I find it strange that ppl get all outragey (civpop rather than our OP) about this sort of thing instead of doing a little simple research on basic economics fundamental requirement of running a huge charity with extensive financial commitments.
I think the problem is that they do their 'research' via Google and it just reinforces their prejudices that charities are somehow equal to mega corporations because their bank balance has more zeros in it than theirs.
 
Their input into the World Drowning Project seems reasonable to me. I'll wager that only a small precentage of the non-swimmers they help are going to try and swim the channel. British charities doing stuff abroad that countries can't or just won't do used to be something we were proud of wasn't it?
That's not what I said - it's all about how things are perceived and why the CEO earning 6 figures might become an issue.

The last bit was a cheap joke.
 

Yokel

LE
This is the centenary of the Royal British Legion. I suspect that some of that cash reserve has come from interest paid on donations made decades ago - I imagine that they were some very large donations made in the early years.
 

philc

LE
It's when they start going outside of their obvious remit is when people get annoyed.

RNLI - people donate because they want to secure the waters around the UK and make sure those volunteering have the best possible kit to do that - not give swimming lessons to people in far flung countries (ironically, might save their lives when they get the dingy from Calais...)

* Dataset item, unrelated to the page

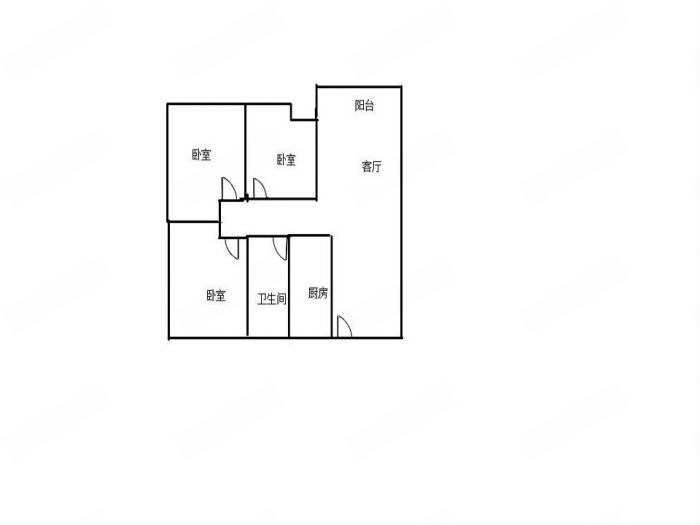 景瑞御府 3室2厅1卫 92.00m&sup2;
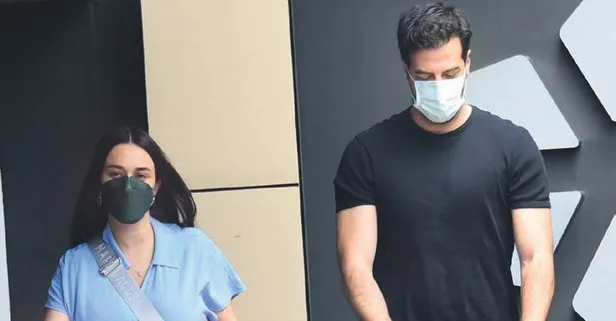 Hande Soral ve İsmail Demirci bebeklerinin kontrolü için gittikleri hastanenin çıkışında gazetecilerin sorularını cevapladı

This about the RNLI is a misconception, the RNLI are working with partners abroad at the behest of 1 donner who wanted to fund projects aboard, it is not funded by individual donations from the public.



Why are the RNLI funding burkinis?


The Panje Project teaches women swim survival skills in Zanzibar. The burkini, which is a full length swim suit is an innovative (and cheap) way of enabling girls in strict Muslim countries, to get into the water without compromising their cultural and religious beliefs. The RNLI have been involved in the Panje Project with the majority of the RNLI’s involvement funded by a donor who specifically wanted the money to go towards this project.
 
Direct donations
Bequeathed
Collection Buckets at Events
Collection Pots in shops and pubs etc... for loose change
Fundraising by individuals
Fundraising by the Team
Event Production by the Team
Companies will choose us as their 'Charity of the Year' and do stuff for us
Professional Services gifted - although we try and stay away from this, we have budget for equipment etc... to be purchased and maintained to the highest level.
Probably more that's off the top of my head.

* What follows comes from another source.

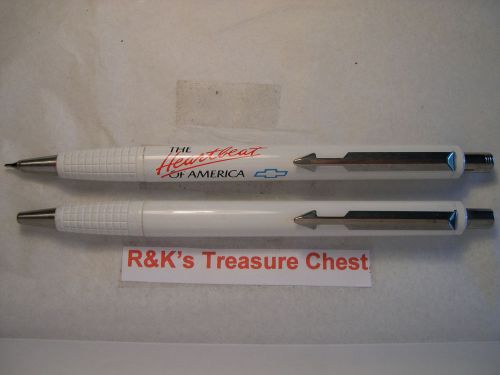 White Chevy &#034;Heartbeat of America&#034; Parker “Vector” Ball Point Pen &amp; Pencil Set.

Sadly, it's often the worst outcomes that produce the most income because we become very visible.

That said, rescuing one dog is worth ten humans when you post it up on Facebook.

Some donations come with specific parameters - rather than be put in the general pot, the patron would like it to go towards a certain bit of tech or equipment
The team I used to be on ran a big walking event each year. Three different routes, three distances, all marshalled by the team. That was our big earner each year, then topped up with all of the above.

I do remember that the Charity Commissioners keep a close eye on what money is being held or spent.
 
The team I used to be on ran a big walking event each year. Three different routes, three distances, all marshalled by the team. That was our big earner each year, then topped up with all of the above.

I do remember that the Charity Commissioners keep a close eye on what money is being held or spent.
Exactly - we do/did a couple of those each year. All gone out of the window now. Hopefully be back on in 2022.